This morning while in the shower I caught myself falling into old habits of treating my body a little too harshly.
I’ve been through a lot of transition and grief in the past year. On April 21, 2021 my beloved husband of 31 years died suddenly of a heart attack, just 2 days before we were supposed to move. I’ll definitely share more about this in an upcoming blog post, but for now let’s talk about depression in general, and thinning hair and grief in specific.
Over the past year I’ve been gradually working my way back to a new sense of normal with the help of a whole team of amazing people who I love and adore.
The first 8 months without Angel were filled with depression. For me my sadness showed up in complete exhaustion. I was so sad that many times I couldn’t get my head up off the pillow. I have been down the road of depression and grief before.
Like so many people, my life has been touched by depression and worry.

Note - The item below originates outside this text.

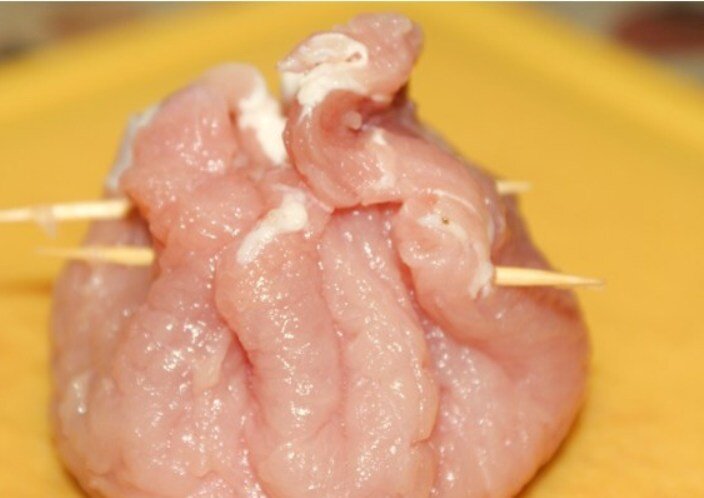 источник: Яндекс картинки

But because I’ve always used food to self-medicate, I never really noticed I struggled with sadness and anxiety until 2017.

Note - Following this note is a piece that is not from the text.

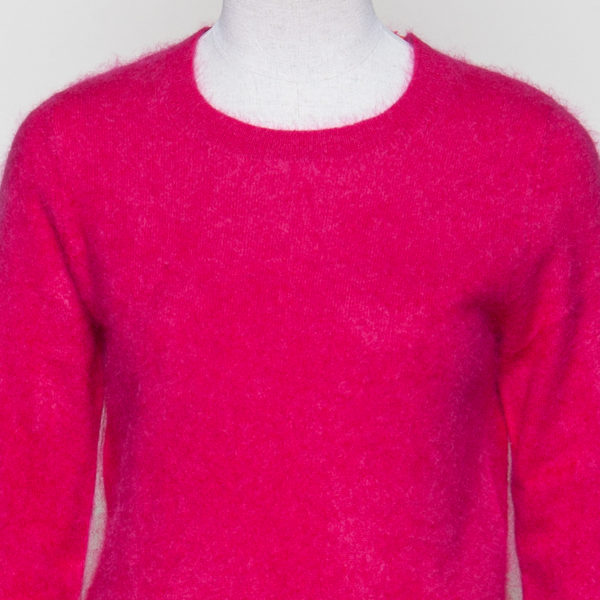 absolut cashmere – Bild 2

Worrying About Everything and Everyone
The straw that broke the camel’s back, came for me, soon after both my daughter and son moved out of the house, when my precious, 14 year old Cat Owie (pictured left) was diagnosed with kidney failure. No wonder he was all of a sudden having accidents everywhere.
The stress of it all was making me feel more than a little disconnected from my husband, Angel. It seemed like we were squabbling all the time because I had become so unnaturally overprotective of Owie, never wanting to leave his side, always worrying about him.
In the winter of 2005 Owie came to us as a stray cat. After trying to find his owners, I realized he had probably been abandoned. When I saw that he had no claws, I knew I had to adopt and protect him.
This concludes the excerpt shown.